• EXERCISE
From the entries below, print exactly the span beginning with the line holding "a view of the" and ending with the line holding "An aerial view", endpoints included, and skip any pictures.

EXTRACTED RECORDS START

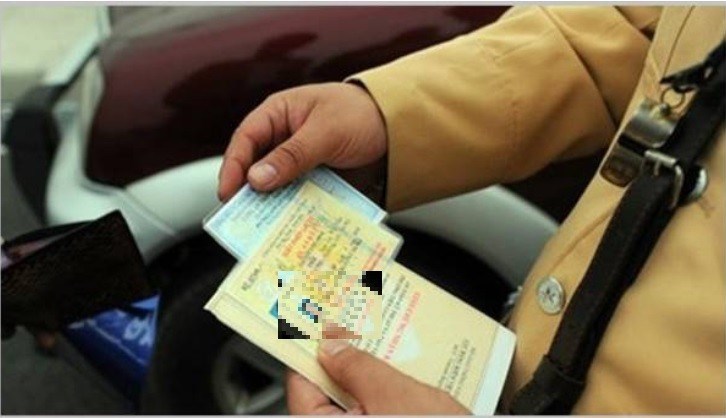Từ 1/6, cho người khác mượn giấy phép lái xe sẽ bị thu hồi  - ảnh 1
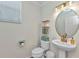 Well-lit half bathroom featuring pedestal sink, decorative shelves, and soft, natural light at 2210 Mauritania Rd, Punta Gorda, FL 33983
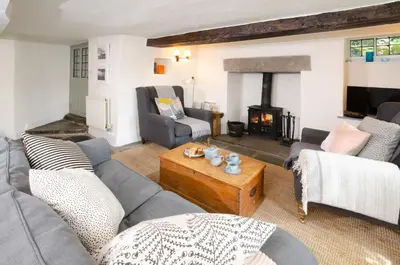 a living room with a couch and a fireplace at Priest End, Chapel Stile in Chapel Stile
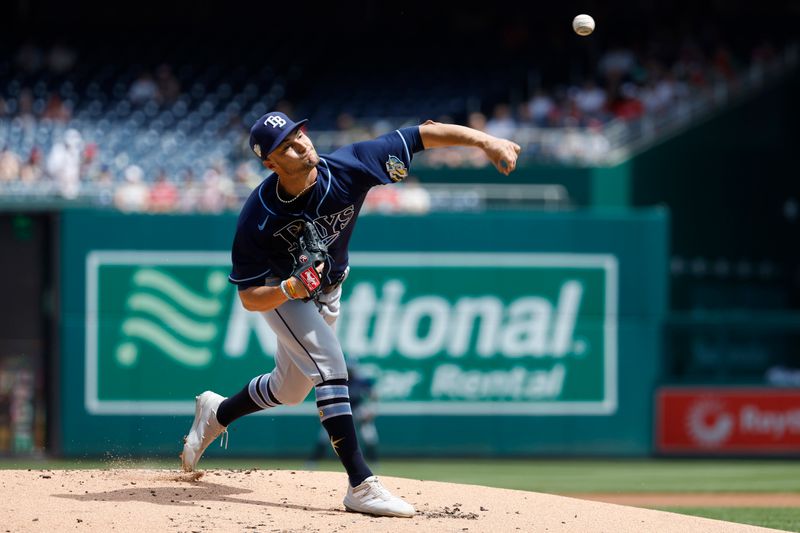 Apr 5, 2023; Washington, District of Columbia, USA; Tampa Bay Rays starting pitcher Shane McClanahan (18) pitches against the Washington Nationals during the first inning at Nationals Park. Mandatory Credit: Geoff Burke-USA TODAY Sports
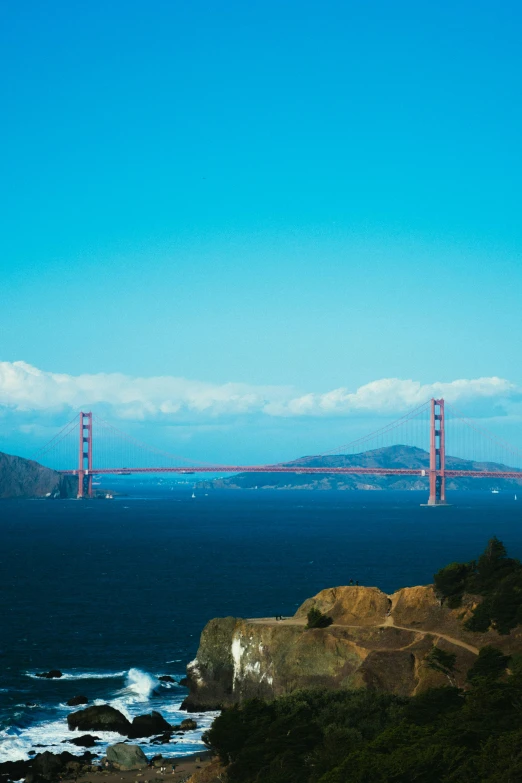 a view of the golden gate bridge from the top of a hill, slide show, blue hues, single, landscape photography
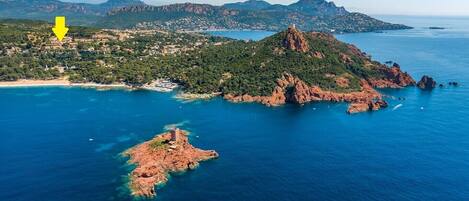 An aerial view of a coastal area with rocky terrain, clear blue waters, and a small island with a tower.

EXTRACTED RECORDS END
EXTRACTED RECORDS START

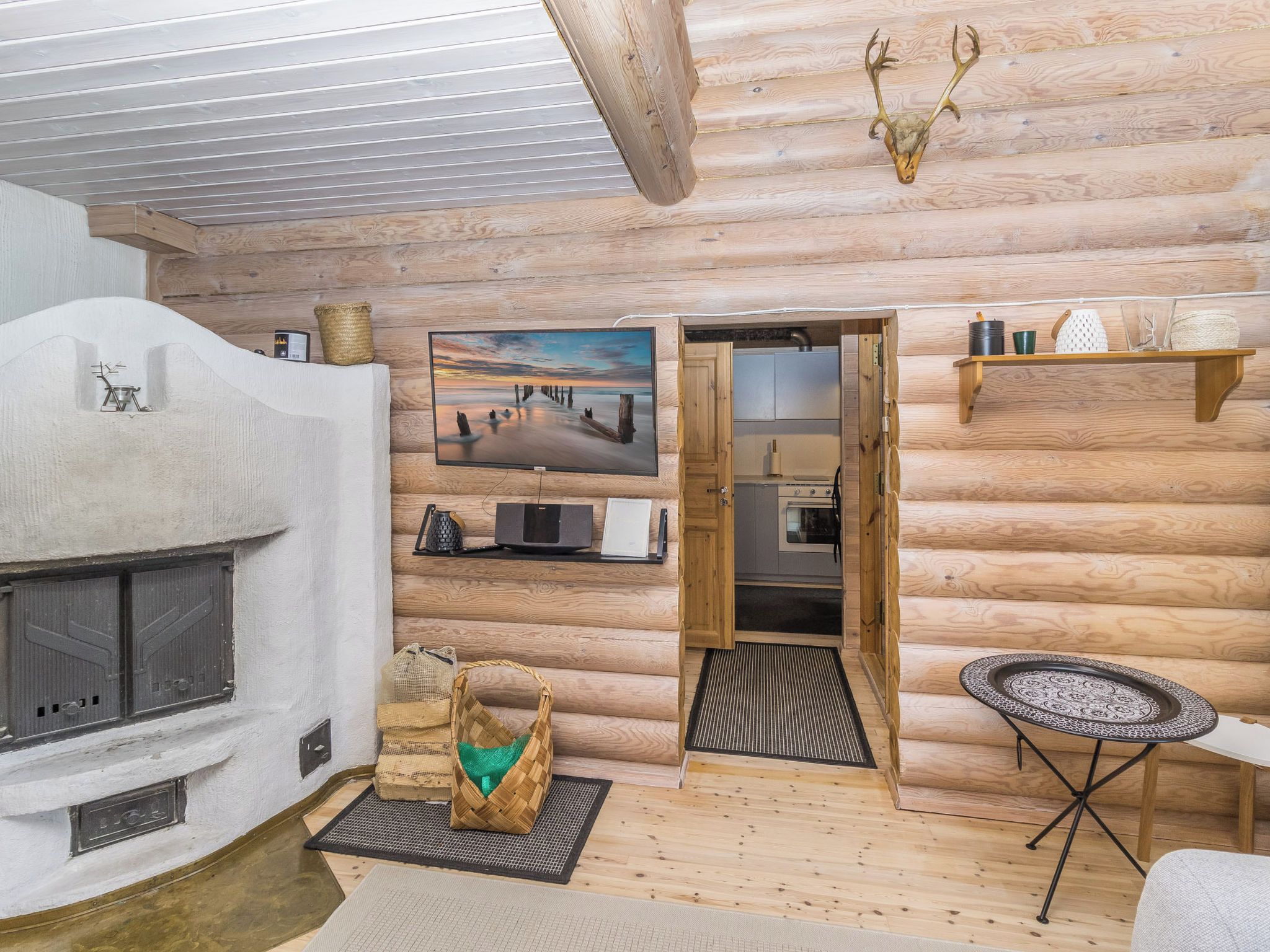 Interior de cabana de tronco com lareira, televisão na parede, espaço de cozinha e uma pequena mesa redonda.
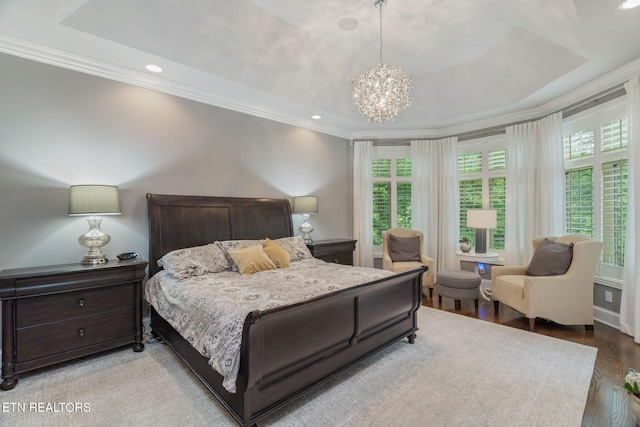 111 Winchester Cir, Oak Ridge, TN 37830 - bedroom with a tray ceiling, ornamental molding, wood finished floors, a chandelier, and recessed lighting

EXTRACTED RECORDS END

• TASK OUTPUT
 a view of the golden gate bridge from the top of a hill, slide show, blue hues, single, landscape photography
 An aerial view of a coastal area with rocky terrain, clear blue waters, and a small island with a tower.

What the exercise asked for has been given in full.